• _ABOUT THIS TASK_:
Whenever a line in the data holds the string "local", copy that line.
EXERCISE INPUT Block Start
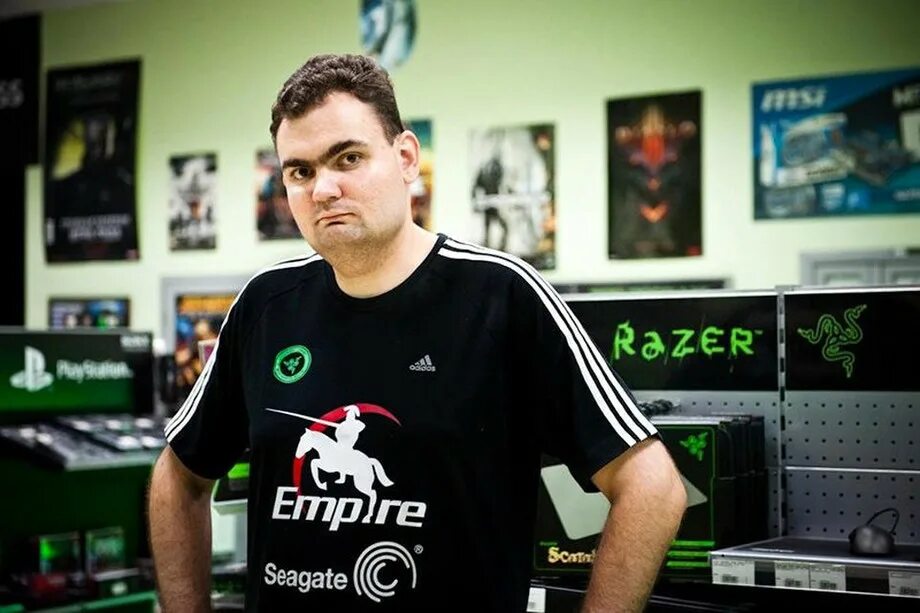 Stranger dota. Stranger dota 2. Дота 2 игра. Закупы на героев доты 2. Кольца из доты.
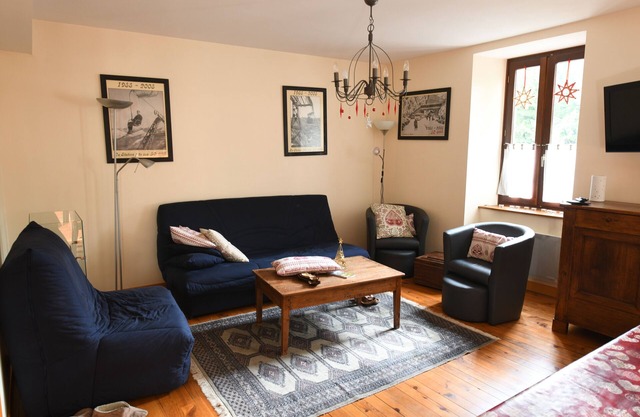 T4 in 6-person house, near town center, thermal baths and ski lift.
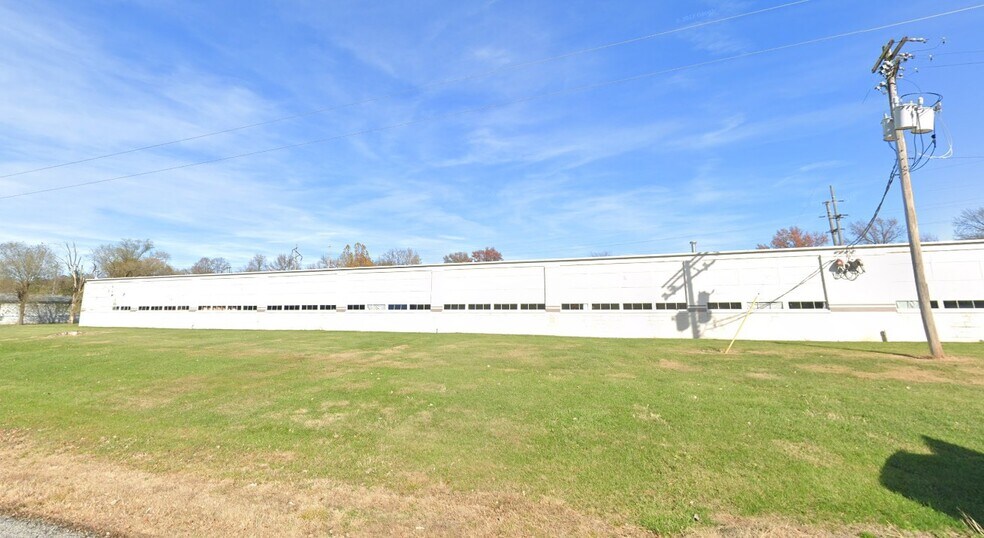 More Photos Of 1015 W Jefferson St, Vandalia Warehouse For Lease
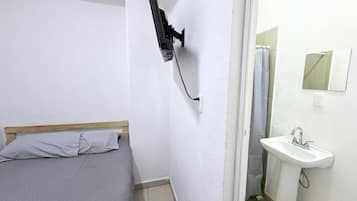 Economy Room, 1 Queen Bed | Free WiFi, bed sheets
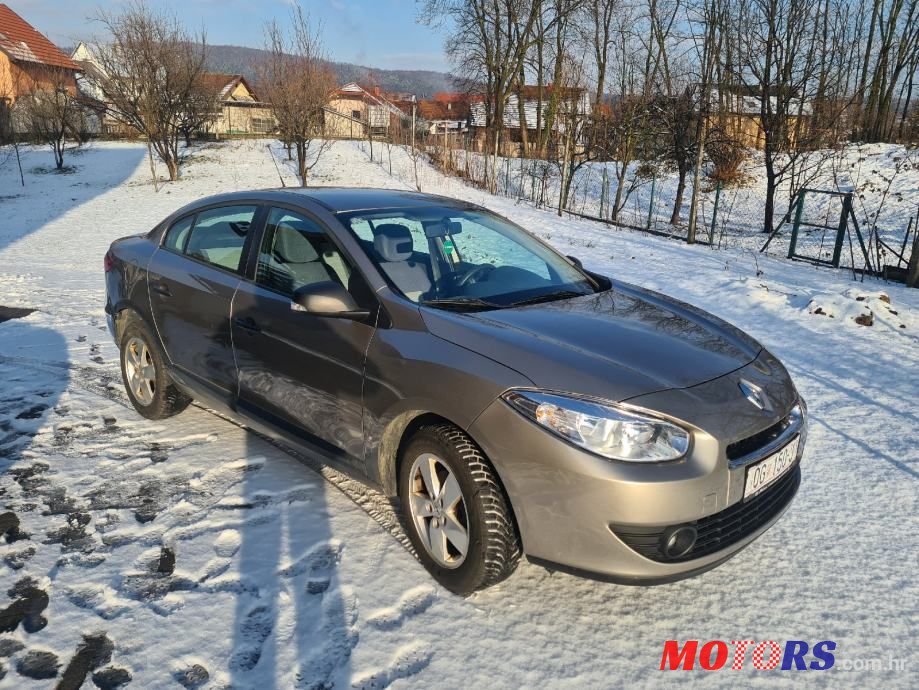 2011' Renault Fluence 1,6 16V photo #1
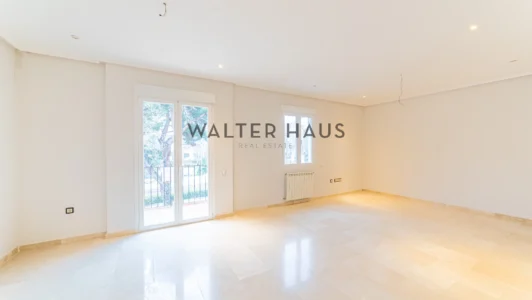 Piso en venta en Castillares, Madrid.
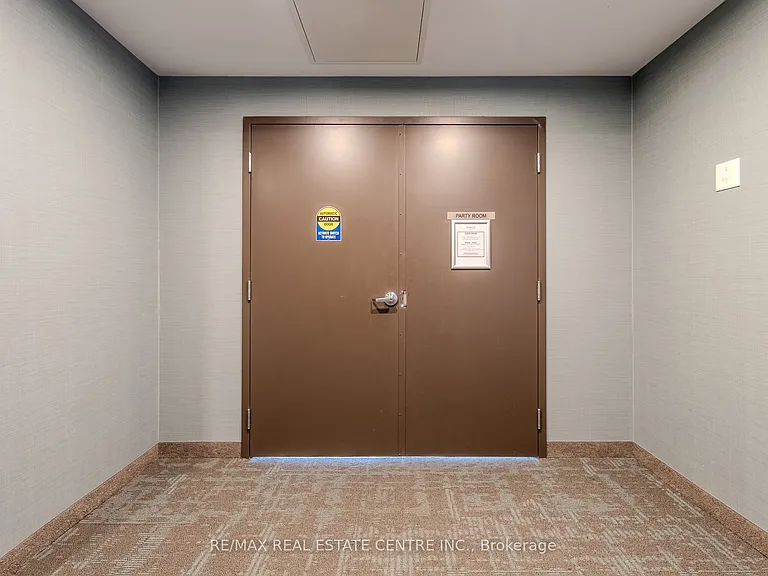 470 Dundas St E #1206 — Photo 41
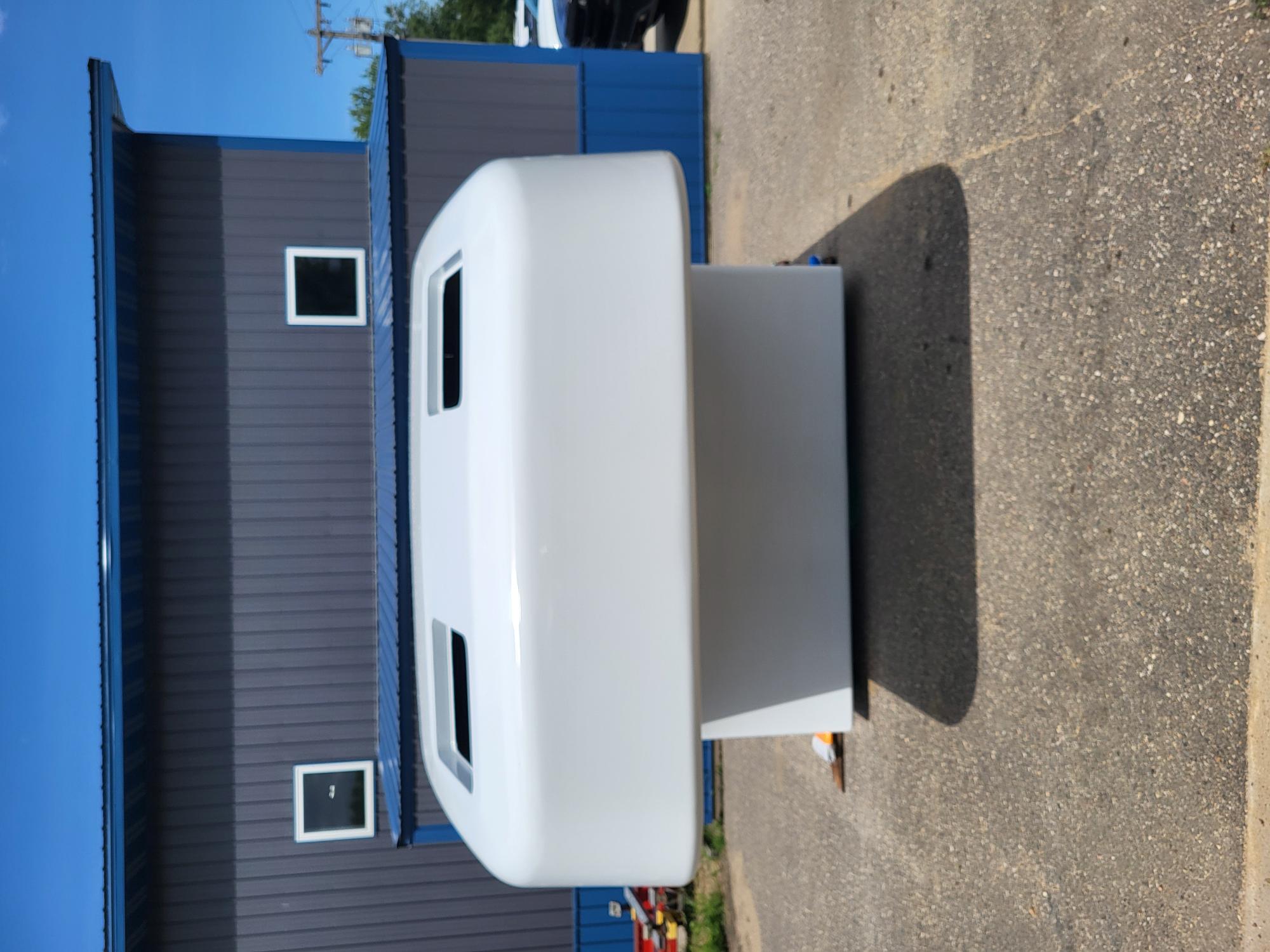 Bahn camper shell view 6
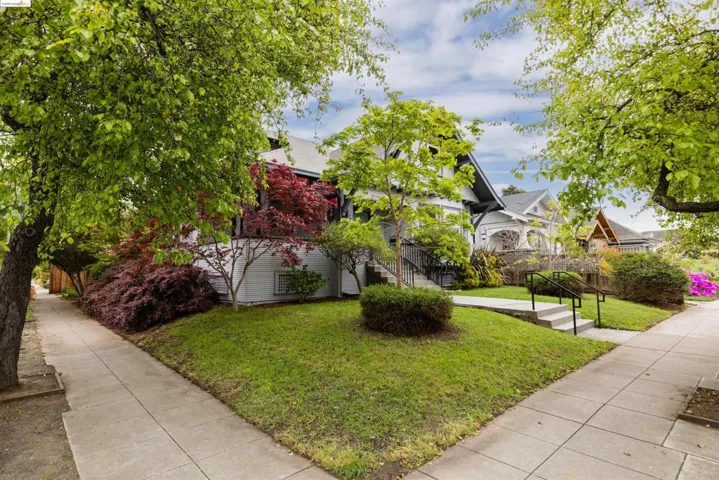 Great corner lot location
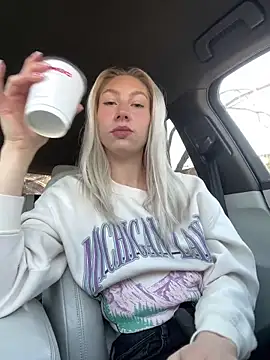 Snapshot of LuisaBecker chatting on February 12, 9:31 am LuisaBecker online show from February 12, 9:31 am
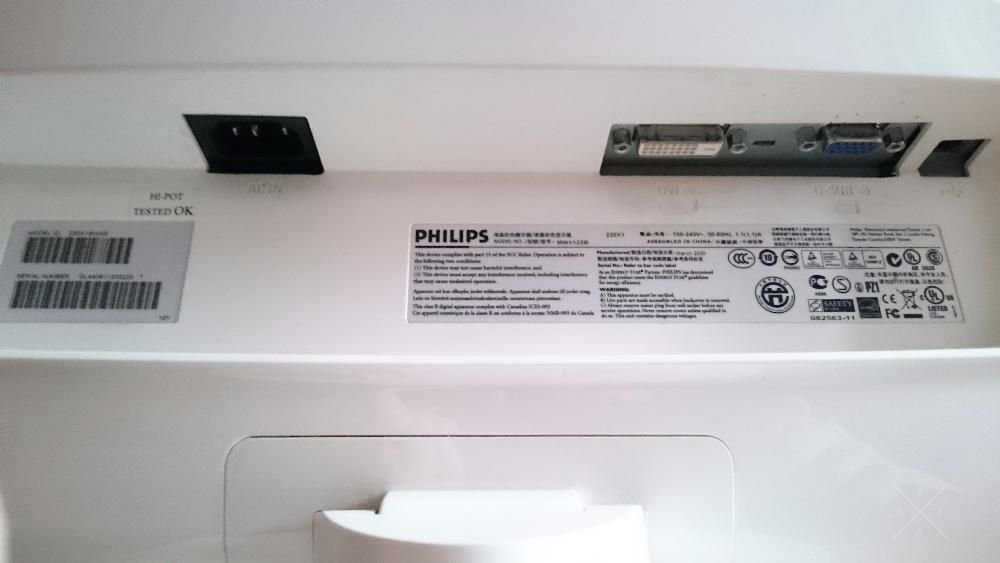 монитор 22'' philips brilliance 220X1 lightframe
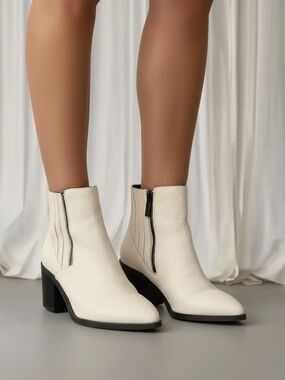 Kenneth cole white leather boots size 6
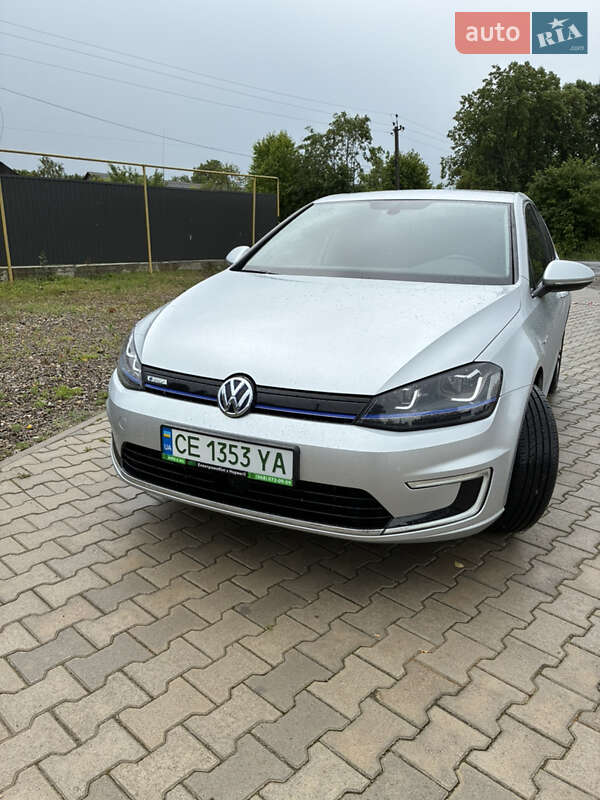 Хэтчбек Volkswagen e-Golf 2015 в Черновцах
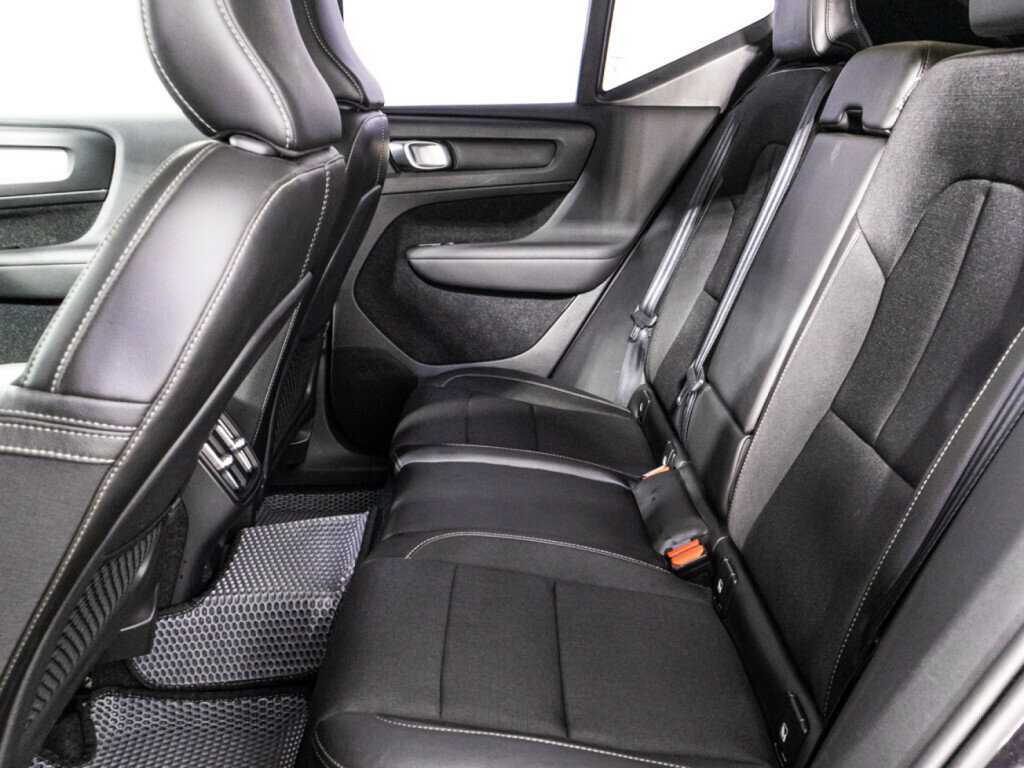 Купить Volvo XC40 с пробегом. Фото: #9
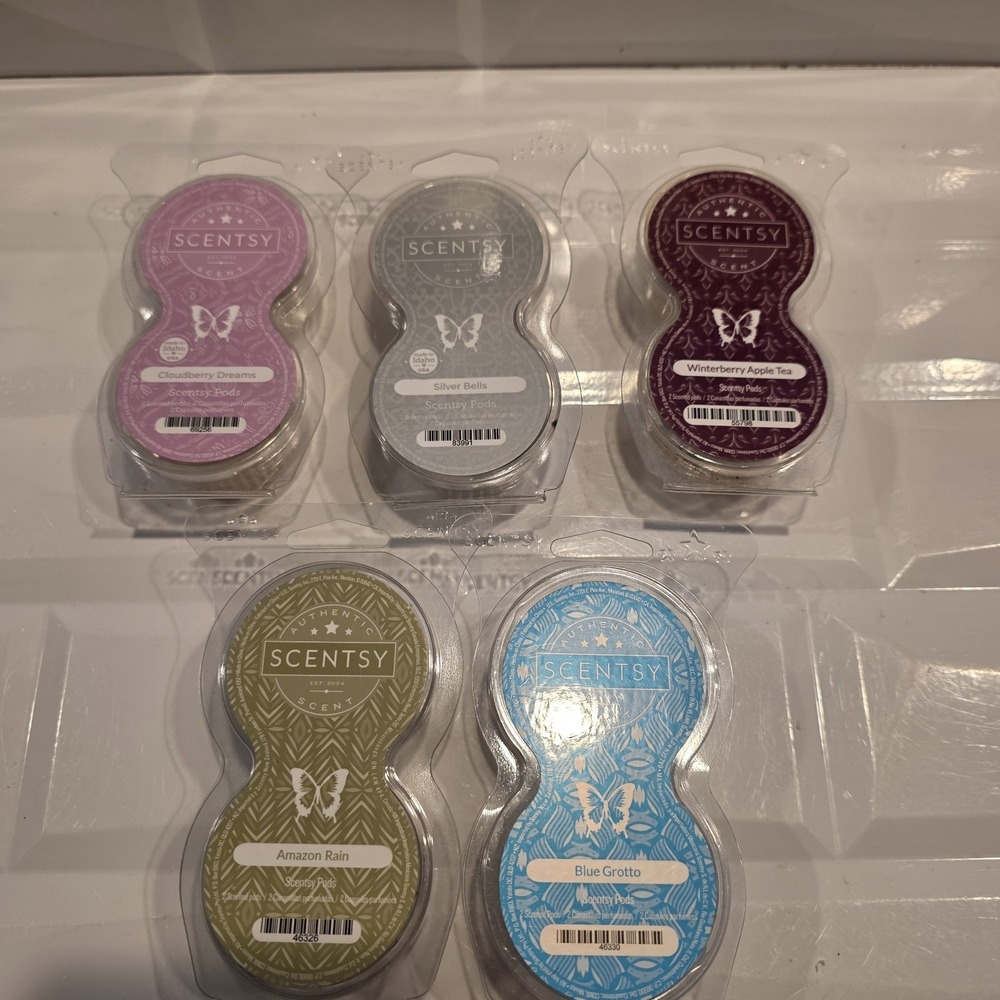 NEW  Scentsy Pods Lot Of 5.   Mixed Scents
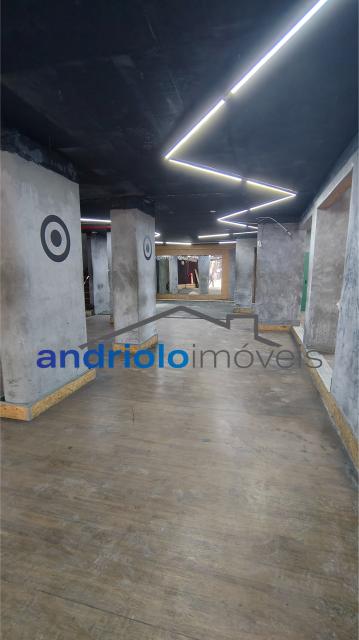 Ampla loja com 98m²  proxima a rua Santa Ifigenia e a Rua Casper Libero, com 4 Banheiros, mezzanino.
Excelente local para comercio, com movimento.
Temos plantonista no local as terças, quintas e sabados.
Venha conhecer.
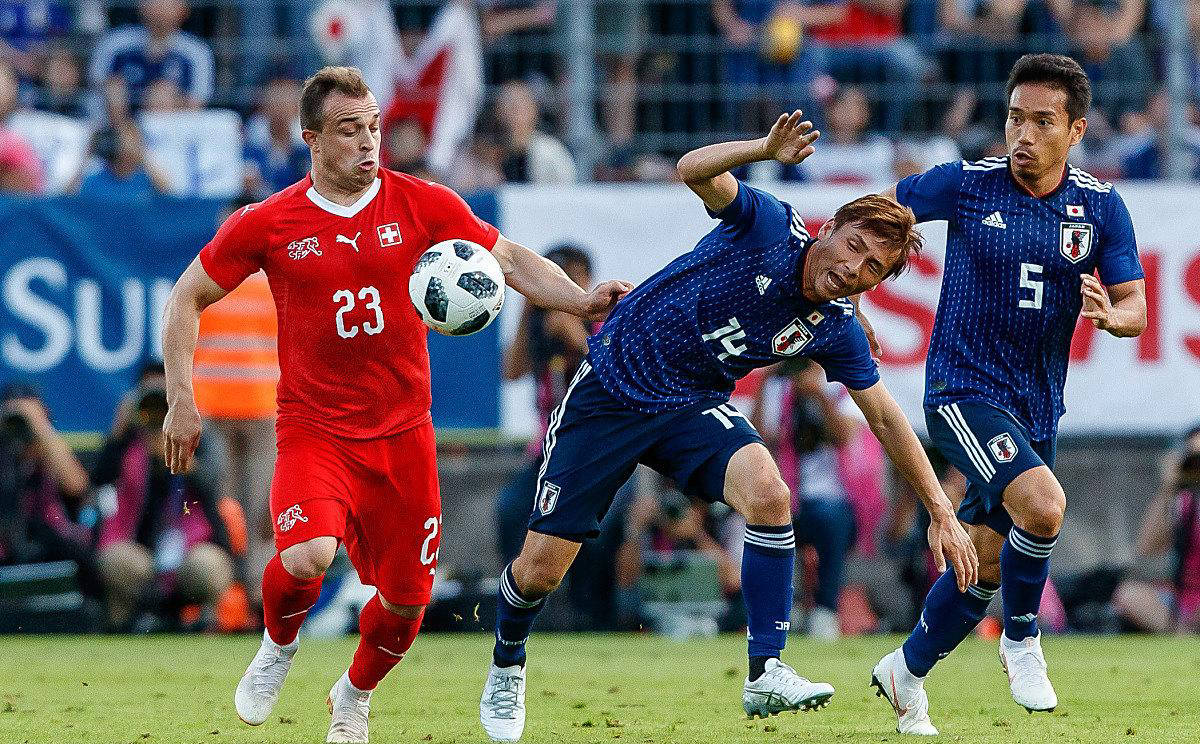 阿贾克斯掀翻对手!实现逆袭 阿贾克斯掀翻对手!实现逆袭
EXERCISE INPUT Block End
• _ANSWER TO THIS PROBLEM_:
Excelente local para comercio, com movimento.
Temos plantonista no local as terças, quintas e sabados.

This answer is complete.